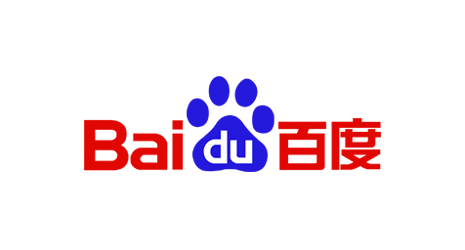 Baidu
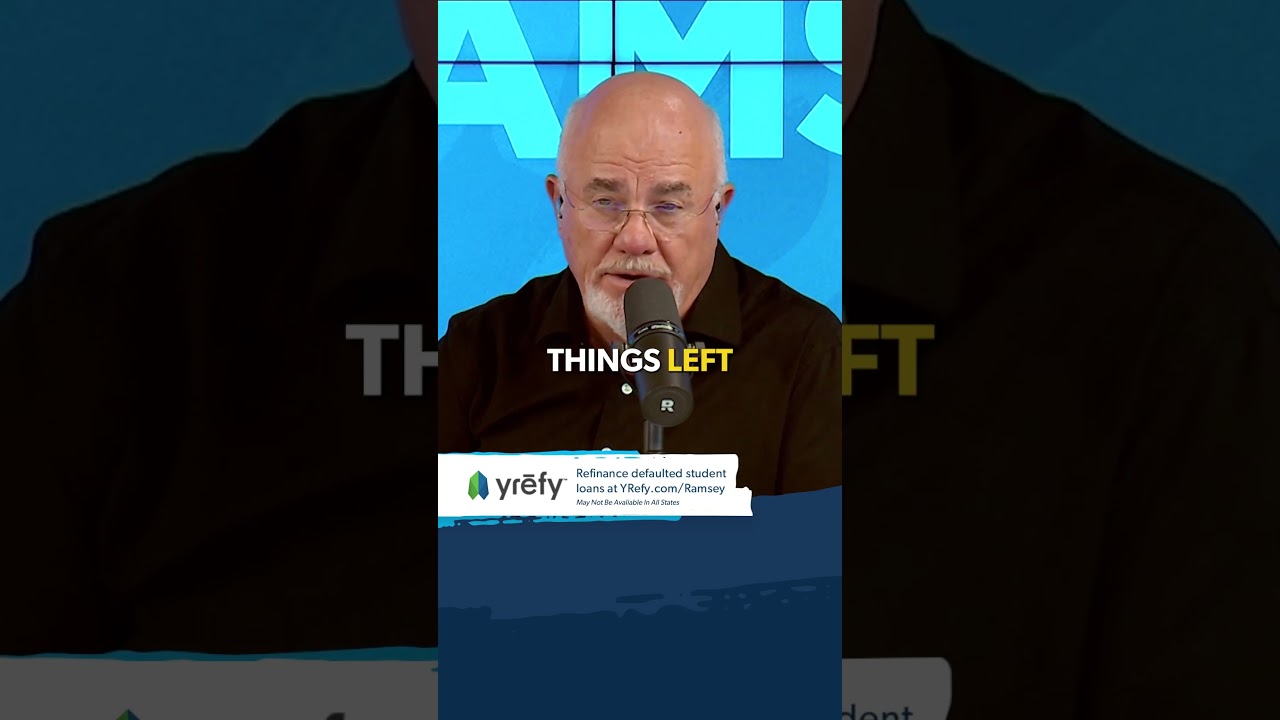 This Is When We Say You Can Use Your HSA As An Investment Vehicle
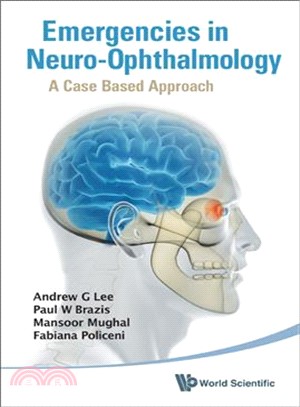 Emergencies in Neuro-Ophthalmology ─ A Case Based Approach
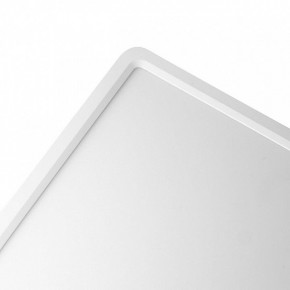 Накладной светильник Citilux Norma CL749K300 в Кунгуре - kungur.ok-mebel.com | фото 14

^^^^

# [Task description]
The whole listing is to be written out exactly; the pictures stay out of the copy.

# [Written solution]
 Baidu
 This Is When We Say You Can Use Your HSA As An Investment Vehicle
 Emergencies in Neuro-Ophthalmology ─ A Case Based Approach
 Накладной светильник Citilux Norma CL749K300 в Кунгуре - kungur.ok-mebel.com | фото 14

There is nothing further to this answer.